A verbatim copy of the full data, with no pictures, is the expected answer.

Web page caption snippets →
+ + + + + + +
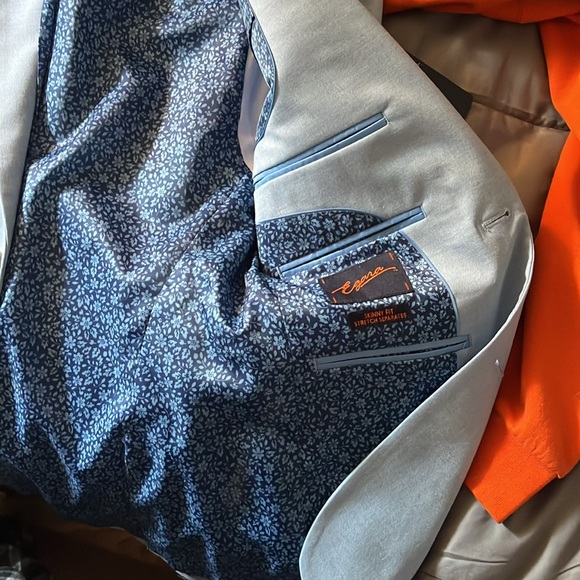 Brand new suit jacket.  Nwt brand new amen - Picture 3 of 4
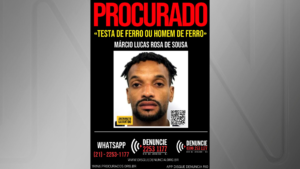 Polícia divulga imagem de suspeito de matar jogador após pisão no pé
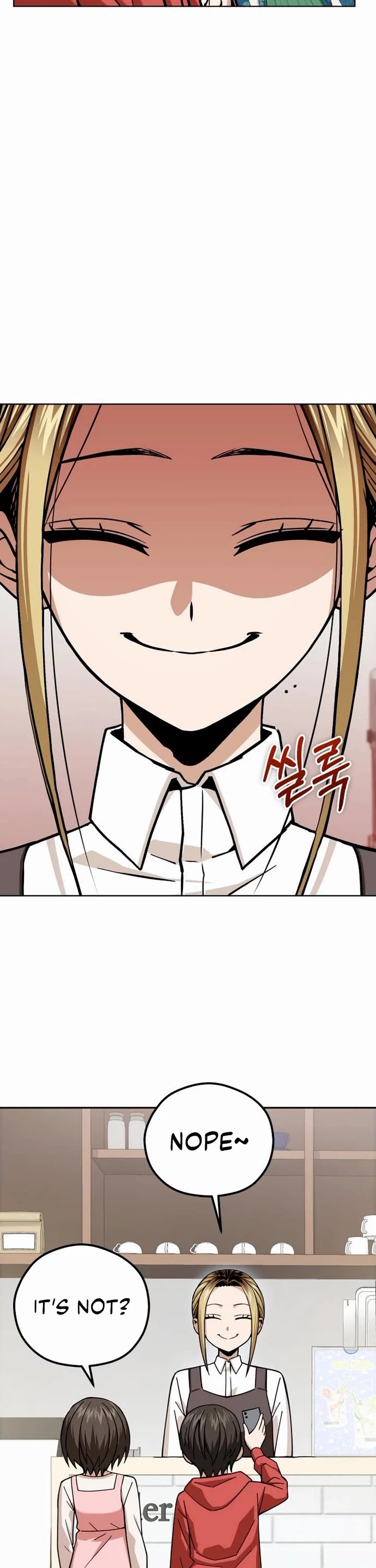 Match Made in Heaven by Chance chapter 104 page 3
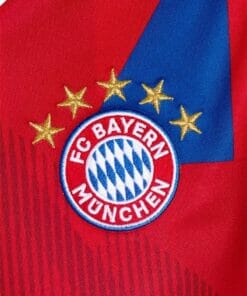 Bayern Munich 10 Years Champion Jersey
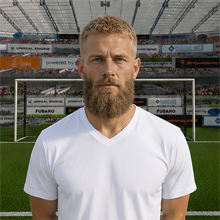 Fußballmanager FußballspielerJack Pardieck (KI-generiert)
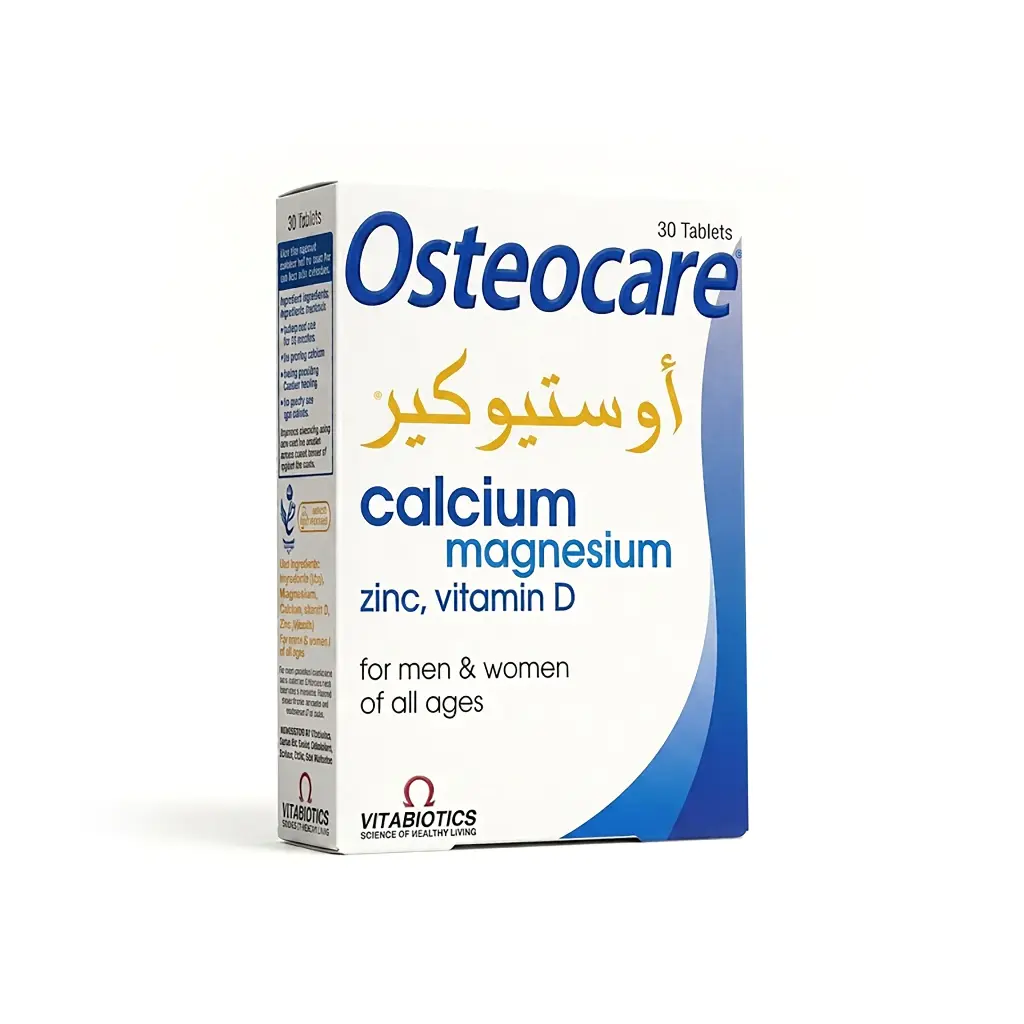 OSTEOCARE 30TAB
+ + + + + + +
Result of the task →
 Brand new suit jacket.  Nwt brand new amen - Picture 3 of 4
 Polícia divulga imagem de suspeito de matar jogador após pisão no pé
 Match Made in Heaven by Chance chapter 104 page 3
 Bayern Munich 10 Years Champion Jersey
 Fußballmanager FußballspielerJack Pardieck (KI-generiert)
 OSTEOCARE 30TAB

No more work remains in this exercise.